To find your classes, you must adhere to a dlsym call back that adheres to the core::ObjectFactory class, like the one below. This object factory will return a list of classes, that we can instantiate through the class loader mechanism. Note that since we are including your code directly into our runtime, we will take care of dlopen and dlsym calls. A map from the class name to the object factory is kept in memory.

class __attribute__((visibility("default"))) HttpCurlObjectFactory : public core::ObjectFactory {
 public:
  HttpCurlObjectFactory() {

  }

  /**
   * Gets the name of the object.
   * @return class name of processor
   */
  virtual std::string getName() {
    return "HttpCurlObjectFactory";
  }

  virtual std::string getClassName() {
    return "HttpCurlObjectFactory";
  }
  /**
   * Gets the class name for the object
   * @return class name for the processor.
   */
  virtual std::vector<std::string> getClassNames() {
    std::vector<std::string> class_names;
    class_names.push_back("RESTProtocol");
    class_names.push_back("RESTReceiver");
    class_names.push_back("RESTSender");
    class_names.push_back("InvokeHTTP");
    class_names.push_back("HTTPClient");
    return class_names;
  }

  virtual std::unique_ptr<ObjectFactory> assign(const std::string &class_name) {
    if (class_name == "RESTReceiver") {
      return std::unique_ptr<ObjectFactory>(new core::DefautObjectFactory<minifi::c2::RESTReceiver>());
    } else if (class_name == "RESTSender") {
      return std::unique_ptr<ObjectFactory>(new core::DefautObjectFactory<minifi::c2::RESTSender>());
    } else if (class_name == "InvokeHTTP") {
      return std::unique_ptr<ObjectFactory>(new core::DefautObjectFactory<processors::InvokeHTTP>());
    } else if (class_name == "HTTPClient") {
      return std::unique_ptr<ObjectFactory>(new core::DefautObjectFactory<utils::HTTPClient>());
    } else {
      return nullptr;
    }
  }

};

extern "C" {
void *createHttpCurlFactory(void);
}

#Using your object factory function To use your C function, you must define the sequence “Class Loader Functions” in your YAML file under FlowController. This will indicate to the code that the factory function is to be called and we will create the mappings defined, above.

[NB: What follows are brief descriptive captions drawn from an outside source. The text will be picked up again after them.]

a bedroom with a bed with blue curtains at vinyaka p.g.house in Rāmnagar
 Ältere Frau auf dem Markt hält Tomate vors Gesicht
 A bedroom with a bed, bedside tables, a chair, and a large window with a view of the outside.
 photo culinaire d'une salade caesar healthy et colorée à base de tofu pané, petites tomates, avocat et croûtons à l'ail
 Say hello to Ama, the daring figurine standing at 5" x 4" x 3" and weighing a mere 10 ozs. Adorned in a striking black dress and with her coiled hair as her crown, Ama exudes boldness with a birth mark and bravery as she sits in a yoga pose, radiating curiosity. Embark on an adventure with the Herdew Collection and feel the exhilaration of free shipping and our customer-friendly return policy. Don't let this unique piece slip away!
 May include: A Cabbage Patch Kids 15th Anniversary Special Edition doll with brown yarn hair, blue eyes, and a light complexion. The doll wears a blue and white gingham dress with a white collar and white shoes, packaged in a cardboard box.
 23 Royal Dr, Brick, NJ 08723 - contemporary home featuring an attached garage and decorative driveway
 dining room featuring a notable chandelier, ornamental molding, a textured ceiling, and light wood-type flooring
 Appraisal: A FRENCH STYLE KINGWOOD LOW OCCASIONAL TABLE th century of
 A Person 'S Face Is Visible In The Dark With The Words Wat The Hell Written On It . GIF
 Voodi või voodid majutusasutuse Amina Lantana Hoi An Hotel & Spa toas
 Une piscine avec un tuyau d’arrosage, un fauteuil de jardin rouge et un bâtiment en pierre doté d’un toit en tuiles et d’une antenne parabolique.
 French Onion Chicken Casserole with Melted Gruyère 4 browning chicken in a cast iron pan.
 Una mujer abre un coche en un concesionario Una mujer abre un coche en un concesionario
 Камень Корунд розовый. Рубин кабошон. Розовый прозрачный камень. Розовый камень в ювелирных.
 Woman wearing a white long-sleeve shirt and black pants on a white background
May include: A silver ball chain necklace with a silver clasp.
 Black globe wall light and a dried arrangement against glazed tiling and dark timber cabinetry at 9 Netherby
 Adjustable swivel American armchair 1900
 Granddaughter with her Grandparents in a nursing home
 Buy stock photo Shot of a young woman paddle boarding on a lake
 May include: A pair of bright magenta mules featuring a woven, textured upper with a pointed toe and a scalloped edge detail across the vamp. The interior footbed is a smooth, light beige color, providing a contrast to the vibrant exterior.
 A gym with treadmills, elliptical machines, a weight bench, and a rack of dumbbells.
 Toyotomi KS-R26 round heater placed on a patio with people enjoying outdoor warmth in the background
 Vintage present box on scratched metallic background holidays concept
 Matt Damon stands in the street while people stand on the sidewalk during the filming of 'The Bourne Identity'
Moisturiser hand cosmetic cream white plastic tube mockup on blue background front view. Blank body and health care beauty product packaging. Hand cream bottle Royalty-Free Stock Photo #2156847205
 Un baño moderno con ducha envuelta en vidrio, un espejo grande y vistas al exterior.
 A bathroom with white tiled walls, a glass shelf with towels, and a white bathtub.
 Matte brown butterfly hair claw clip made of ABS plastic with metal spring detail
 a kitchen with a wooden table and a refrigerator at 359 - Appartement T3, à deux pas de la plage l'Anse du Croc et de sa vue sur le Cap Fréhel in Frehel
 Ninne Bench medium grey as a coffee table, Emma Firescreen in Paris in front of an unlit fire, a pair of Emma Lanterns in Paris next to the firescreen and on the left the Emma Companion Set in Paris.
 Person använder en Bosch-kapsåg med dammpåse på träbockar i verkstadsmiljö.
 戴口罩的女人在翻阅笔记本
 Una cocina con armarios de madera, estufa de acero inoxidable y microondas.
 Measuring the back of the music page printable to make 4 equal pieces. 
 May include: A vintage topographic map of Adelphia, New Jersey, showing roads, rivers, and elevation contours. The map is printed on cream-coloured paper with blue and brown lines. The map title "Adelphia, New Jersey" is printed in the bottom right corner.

Note that for the case of HTTP-CURL we have made it so that if libcURL exists and it is not disabled, the createHttpCurlFactory function is automatically loaded. To do this use the function FlowConfiguration::add_static_func -- this will add your function to the list of registered resources and will do so in a thread safe way. If you take this approach you cannot disable your library with an argument within the YAML file.

#Enabling Modules

#Enabling PacketCapture

Packet Capture can be enabled to support capturing pcap files from all network interfaces on the machine. To do enable this, you must type the following when building MiNiFi C++

	cmake -DENABLE_PCAP=TRUE ..

The cmake process will include a notification that the third party dependency, PcapPlusPlus has created its platform specific modules.

You will see a message such as this when building. This configuration script will contain the name of your platforma and be an indication that the configuration was successful:

	****************************************
	PcapPlusPlus Linux configuration script 
	****************************************

When the PCAP extension is built, you will be able to use the PacketCapture Processor, which has two major options: ‘Batch Size’ and ‘Batch Directory’

Batch Size will limit the number of packets taht are combined within a given PCAP. Batch Directory will allow the user to specify the scratch directory for network data to be written to.

Note that if Batch Directory is not specified, /tmp/ will be used.

*Running PcapTests requires root privileges on Linux.

#Expressions

To evaluate dynamic expressions using the NiFi Expression Language, use the bool getProperty(const std::string &name, std::string &value, const std::shared_ptr<FlowFile> &flow_file); method within processor extensions. The expression defined in the property will be compiled if it hasn't already been, and the expression will be evaluated against the provided flow file (may be nullptr). The result of the evaluation is stored into the &value parameter.